Wie bewertest du die aktuelle Zusammensetzung des Aufsichtsrats (Anzahl der Personen, Kooptationsmöglichkeiten etc.)? 

Im Rahmen der demokratischen Prozesse in unserem Verein ist für mich der wichtigste Punkt, dass die Mehrheit im Aufsichtsrat von den gewählten Vertretern der Mitglieder stammt. Dies ist mit sechs Mitgliedern gegeben.

Die Entsendung eines Fanvertreters halte ich für richtig, um diesen Blickwinkel in Entscheidungen mit einzubeziehen. Hier kann ich mir allerdings eine Diskussion zur Veränderung des Entsendungsprozesses vorstellen, um eine breitere Fanbasis im Aufsichtsrat vertreten zu haben. Um die Belange der weiteren sportlichen Abteilungen im Verein aufzunehmen macht auch der hieraus entsandte Vertreter Sinn. In meinen Augen sollte es sich bei den berücksichtigten Abteilungen um sportlich aktive Bereiche handeln und nicht um nur auf dem Papier existierende Sportbereiche.

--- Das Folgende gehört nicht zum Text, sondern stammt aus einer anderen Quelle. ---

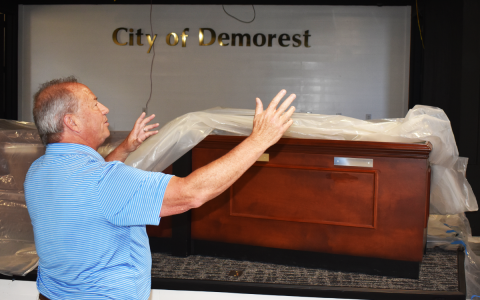 Demorest City Manager Mark Musselwhite shows off the city’s new conference center in the city hall building auditorium. MATTHEW OSBORNE/Staff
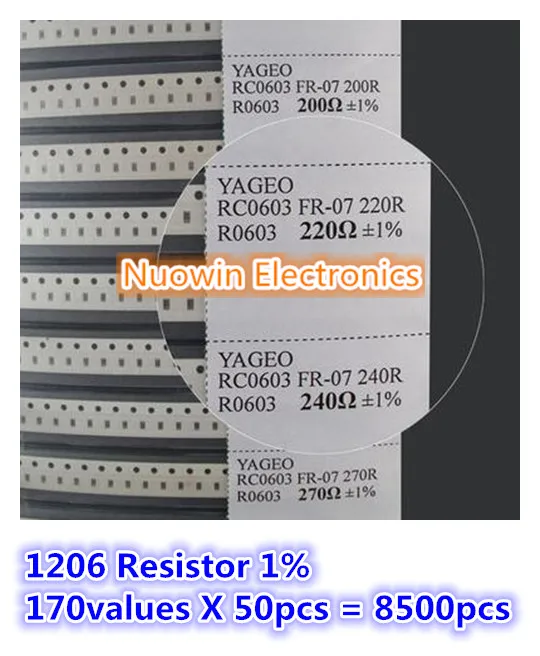 

1206 SMD Resistor Sample Book 1% Tolerance 170valuesx50pcs=8500pcs Resistor Kit 0R~10M 0R-10M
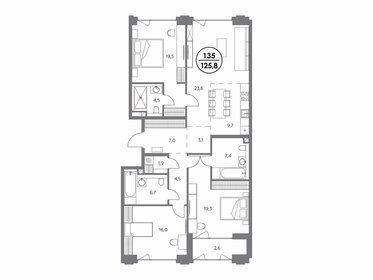 Квартира 125,8 м², 3-комнатная - изображение 1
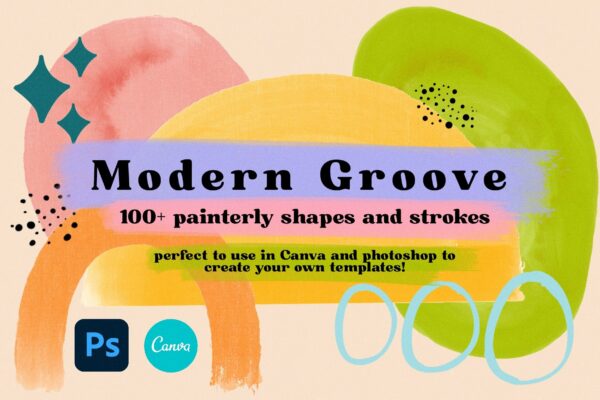 100多个炫彩抽象几何图形手绘水彩背景PNG图片设计水彩 Modern Groove Shapes and Strokes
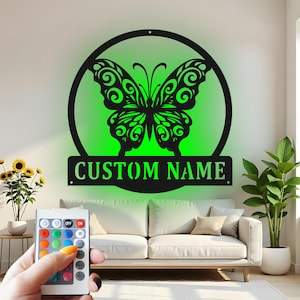 Custom Butterfly LED Metal Wall Art: Personalized Garden Decor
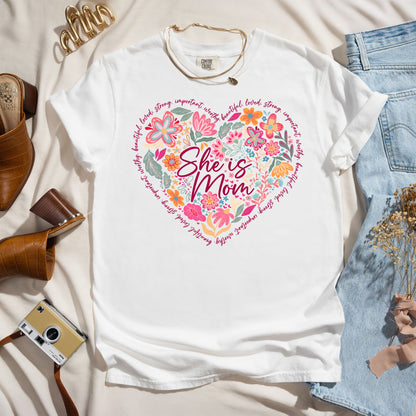 She is Mom - Appreciation Word Art Tee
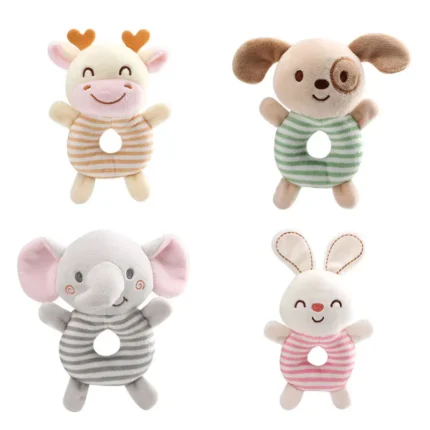 New Baby Rattle Toys Cartoon Animals Plush Infant Hand Ring Bed Toys for Newborn 0-24 Months Toddler Early Educational Toy 1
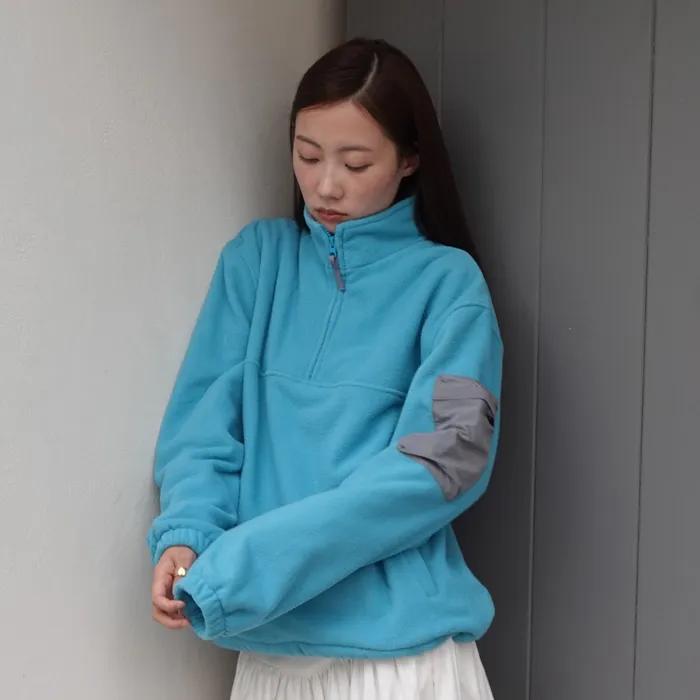 MJ M.C UNISEX, Half Zip-up Fleece / Blue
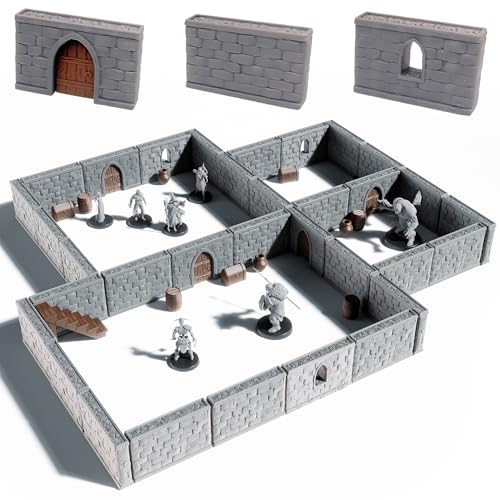 Dungeon Walls Modular DND Terrain Set - 48 Piece Tabletop Role-Playing Scenery - 28mm Scale, Includes Walls & Accessories - Perfect for Dungeons & Dragons, Pathfinder, & RPG Tabletop Games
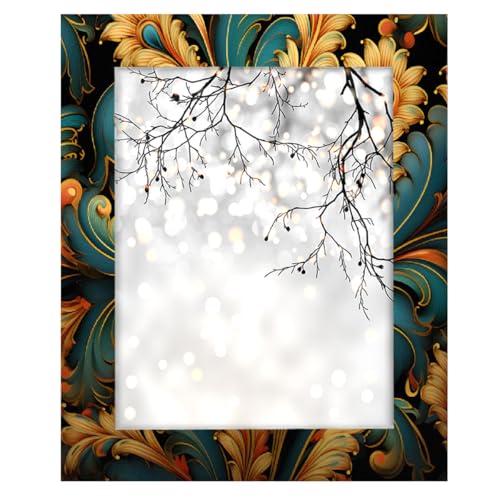 Mexpekil Rechteckiger Bilderrahmen, 28 x 35 cm, Retro-Paisley-Blumen, Holz, Fotorahmen für Schreibtisch, Tischplatte, Wandcollage, Dekoration, Wandmontage, Bilderrahmen ohne Matte Mexpekil Rechteckiger Bilderrahmen, 28 x 35 cm, Retro-Paisley-Blumen, Holz, Fotorahmen für Schreibtisch, Tischplatte, Wandcollage, Dekoration, Wandmontage, Bilderrahmen ohne Matte von Mexpekil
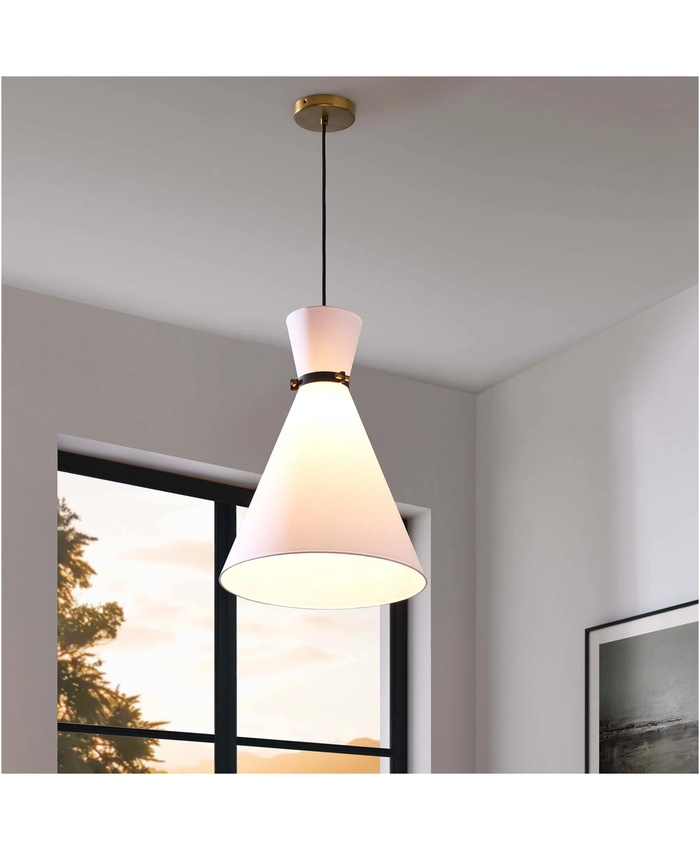 Starlight 1-Light Pendant Light in White Satin Brass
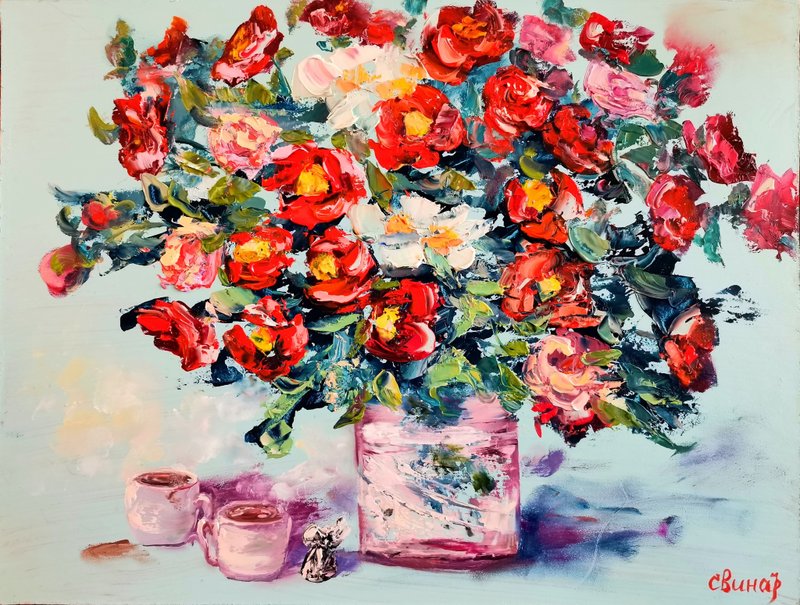 红白玫瑰咖啡糖果油画厚涂原画艺术家 Svinar Oksana - 其他 - 其他材质 多色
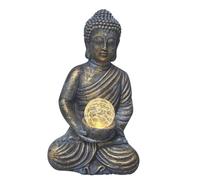 DIVAS SPIRITUAL Outdoor Solar Buddha Ornament with Crackle Glass LED Light Ball, Cement Stone Effect Garden Statue, Weather Resistant Patio Decor Sculpture, 28 cm Height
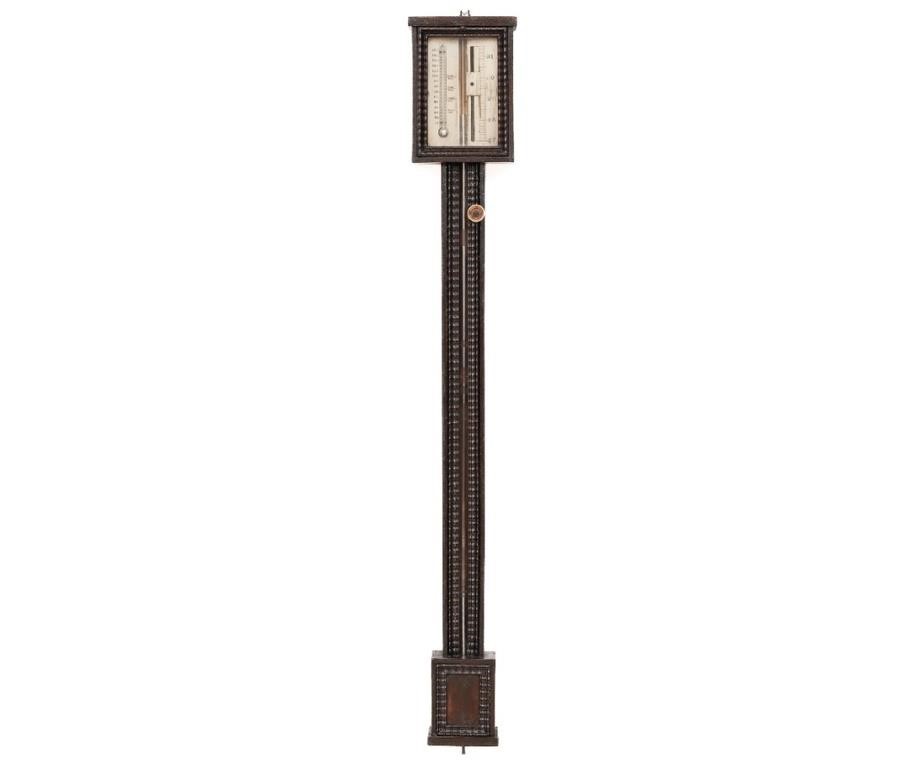 English mahogany stick barometer, 19th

Mit der Möglichkeit der Kooptation können wir fehlende Kompetenz in den Aufsichtsrat holen. Dies hilft uns z.B. im sportlichen Bereich. Ich erachte dies für sinnvoll, wenn es notwendig ist. Ich wünsche mir für die Zukunft, dass wir von der Kooptationsmöglichkeit wirklich nur dann Gebrauch machen und dabei auch nicht immer alle drei Plätze besetzen. Die Prüfung durch den Wahlausschuss ist in der Satzung verankert und sollte beibehalten werden.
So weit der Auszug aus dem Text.